Primeiramente desejo fazer uma síntese dos princípios fundamentais da Missa, para trazer à nossa memória a beleza, a profunda grandeza espiritual de nossa Missa, o lugar que nossa Missa ocupa na Santa Igreja. Que coisa mais bela Nosso Senhor legou à humanidade, que coisa mais preciosa, mais santa concedeu à Sua Santa Igreja, à Igreja sua Esposa, no Calvário, quando morria na Cruz? Foi o Sacrifício de si mesmo.
O Sacrifício de si mesmo. Sua própria Pessoa, que continua seu Sacrifício.
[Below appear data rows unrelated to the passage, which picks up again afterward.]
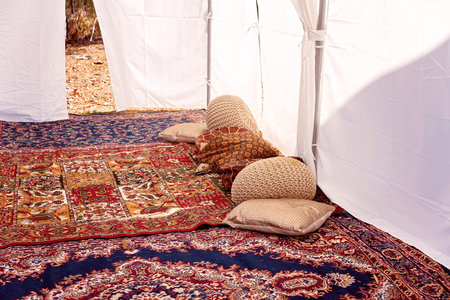 An outdoor tent with rugs and cushions for lying about and restingの写真素材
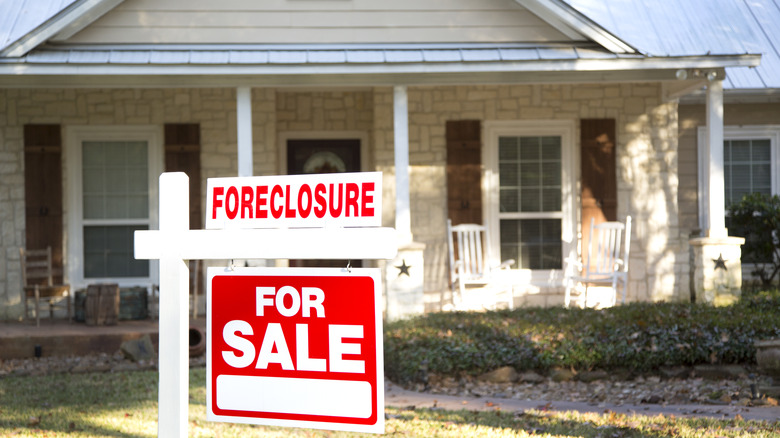 Home with foreclosure sign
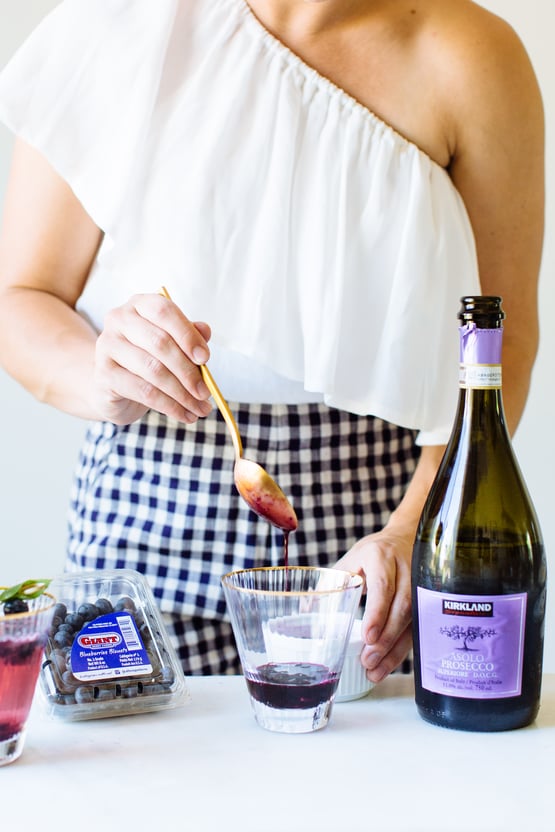 someone preparing a blueberry basil bellini 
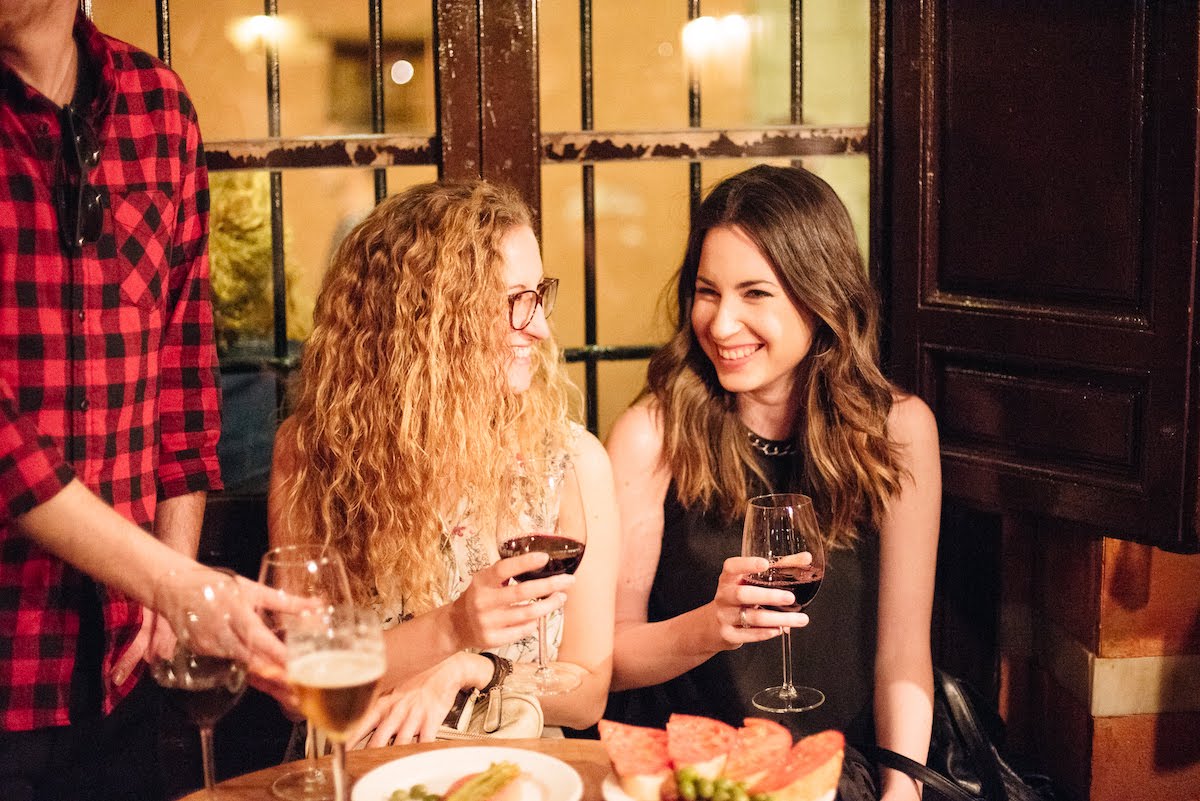 Two women smiling and drinking red wine.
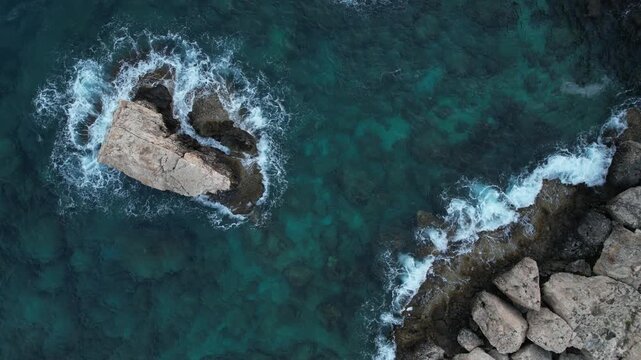 Drone aerial seascape of Azure sea waves breaking on a rocky shore and a solitary cliff, creating white foam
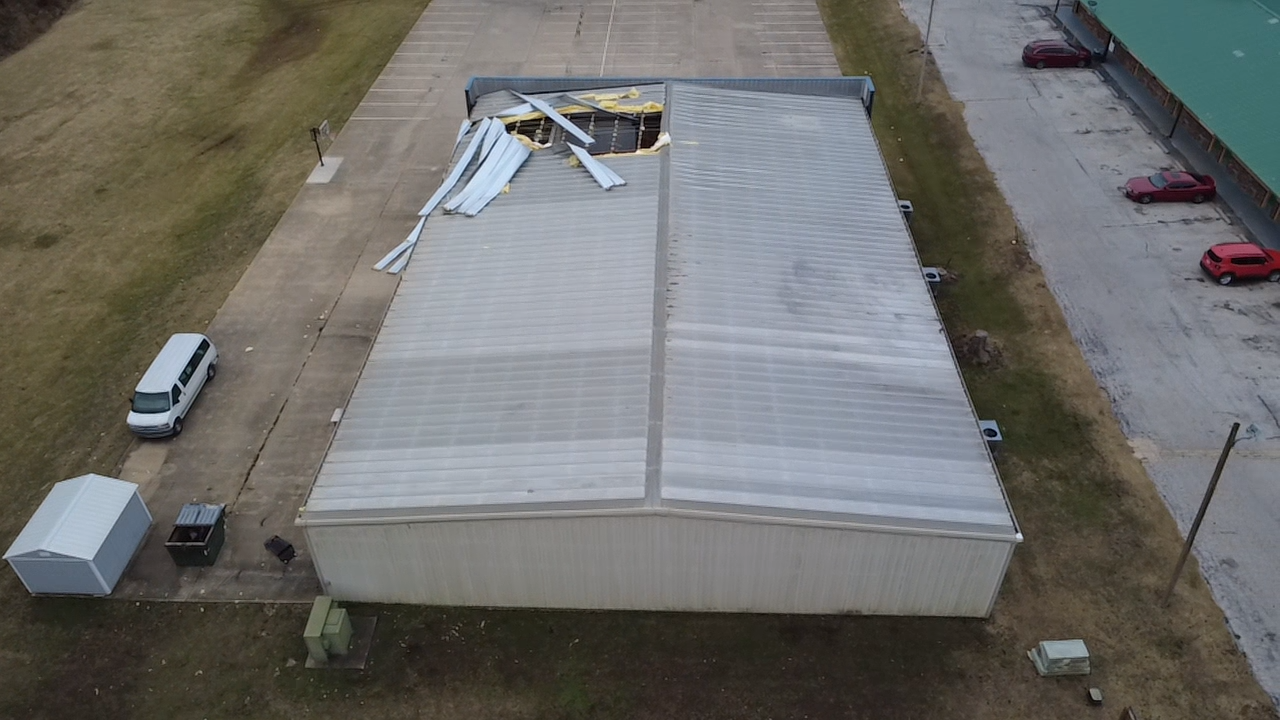 Damaged industrial building with roof partially collapsed; white and gray colors on asphalt.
Ele o deu à Igreja, quando morreu na Cruz. A partir desse momento, esse Sacrifício estava destinado a continuar, a perseverar através dos séculos, como Ele o havia instituído, juntamente com o Sacerdócio.
Quando na Santa Ceia, Jesus instituiu o Sacerdócio, Ele o instituiu para o Sacrifício, o Sacrifício da Cruz, porque esse Sacrifício é a fonte de todos os méritos, de todas as graças, de todos os Sacramentos; a fonte de toda a riqueza da Igreja. Isso devemos recordar, ter sempre presente essa realidade, divina realidade.
Portanto, é o Sacrifício da Cruz que se renova sobre nossos altares, e o Sacerdócio está em relação com ele, em relação essencial com esse Sacrifício. Não se compreende o Sacerdócio sem o Sacrifício, porque o Sacerdócio foi feito para o Sacrifício. Poder-se-ia dizer também: é a Encarnação de Jesus Cristo, séculos a fora: usque ad finem temporum (1) , o Sacrifício da Missa será oferecido.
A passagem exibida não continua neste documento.